Quando arriva l’inverno e il freddo si fa sentire, molti cercano modi economici e fai-da-te per migliorare il comfort termico in appartamento e ridurre le bollette dell’energia elettrica. Una delle soluzioni che negli ultimi anni ha guadagnato popolarità è l’uso del pluriball di plastica — la classica pellicola con bolle d’aria usata per gli imballaggi — applicata sulle finestre come strato isolante per riscaldare la casa. Ma la domanda che molti si pongono è semplice: funziona davvero? La spiegazione parte dalla fisica stessa dei materiali.
Perché il pluriball può isolare e tenere calda la casa
Il principio alla base del trucco del pluriball davanti alle finestre è semplice. Le bolle d’aria intrappolate nella plastica agiscono come piccole camere d’aria che ostacolano il trasferimento del calore. L’aria ferma è uno dei migliori isolanti naturali, perché limita la convezione termica, ovvero il movimento di calore causato dall’aria che si sposta da zone calde a zone fredde.
In altre parole, inserendo uno strato tra il vetro delle finestre e l’ambiente interno si crea una barriera che aiuta a ridurre la dispersione termica verso l’esterno e, quindi, a riscaldare casa. L’idea è analoga a quella del vetro doppio (o triplo), in cui tra le lastre c’è uno strato di gas o aria che limita il trasferimento di calore.

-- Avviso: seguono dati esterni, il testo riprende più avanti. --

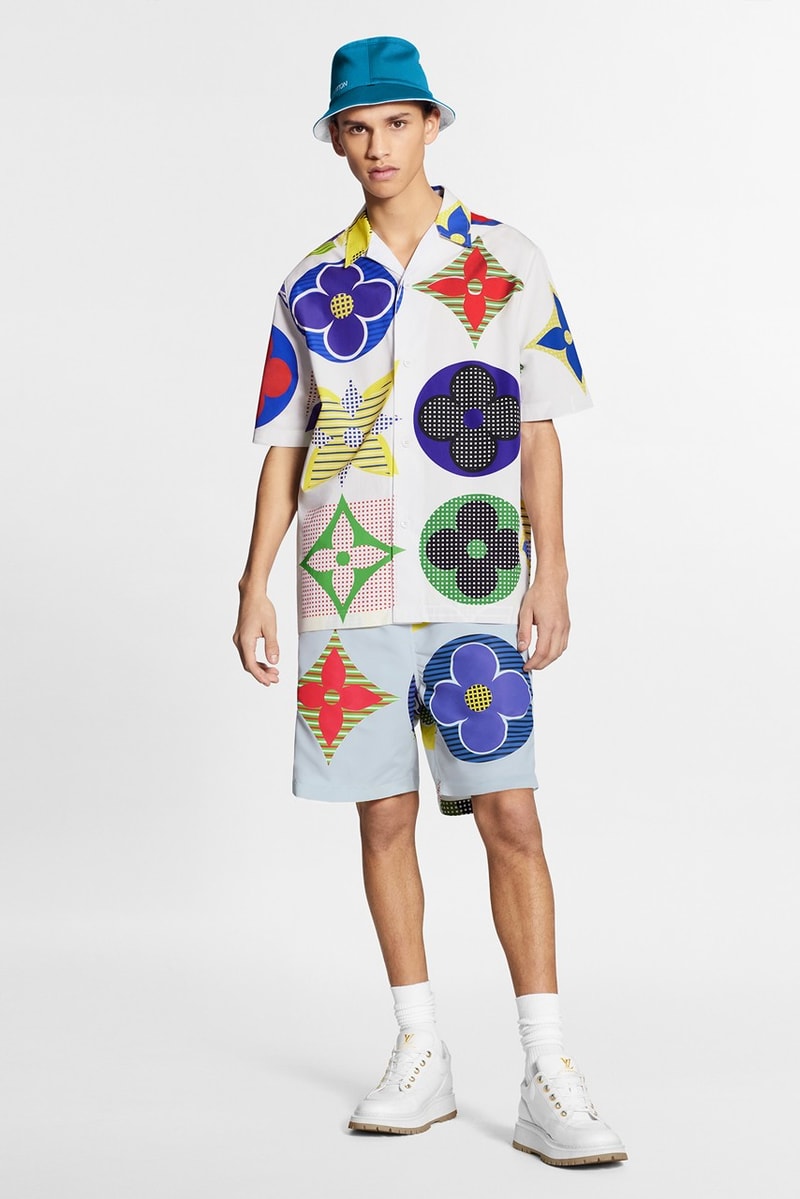 Louis Vuitton 2020 最新夏日系列 Lookbook 正式發佈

Secondo diverse analisi tecniche e studi di settore, l’utilizzo del bubble wrap come materiale isolante può aumentare il valore di resistenza termica – altrimenti detto R-value – di una finestra, rendendo la perdita di calore inferiore rispetto a un vetro nudo. Per esempio, in finestre con vetro singolo, applicare il pluriball può aumentare l’R-value e ridurre la perdita di calore anche fino a circa il 50 %, mentre con vetri doppi l’effetto è minore ma comunque presente.
Il pluriball per riscaldare gli ambienti, quando ha senso usarlo
È importante sottolineare che questo metodo non è comparabile all’efficacia di sistemi reali di isolamento, come doppi o tripli vetri con intercapedini di gas specifici, ma piuttosto rappresenta una soluzione economica e temporanea. La praticità è uno dei suoi principali punti di forza:
Chi ha provato questa tecnica spesso riferisce di notare una maggiore sensazione di calore percepibile, specialmente vicino alle superfici vetrate, che sono di solito tra le parti più fredde della casa durante l’inverno.
Malgrado i vantaggi, ci sono alcune limitazioni da tenere presenti. Il pluriball, infatti, riscalda la casa ma non è trasparente come il vetro e può ridurre la quantità di luce naturale che entra nell’ambiente, rendendo la stanza più buia. L’isolamento è limitato. Il valore R fornito da un semplice strato di plastica è modesto, se confrontato con materiali isolanti professionali. Non risolve i problemi strutturali e le perdite dovute a spifferi o ponti termici intorno ai telai richiedono interventi più mirati.
In definitiva, il trucco del pluriball davanti alle finestre può aiutare a trattenere un po’ più di calore in casa in inverno, soprattutto se si parte da finestre con vetro singolo o con scarso isolamento. Non sostituisce però soluzioni di isolamento professionale e non elimina completamente le dispersioni termiche. Rimane una tecnica semplice, economica e rapida da provare, con benefici reali ma limitati rispetto a interventi strutturali più consistenti.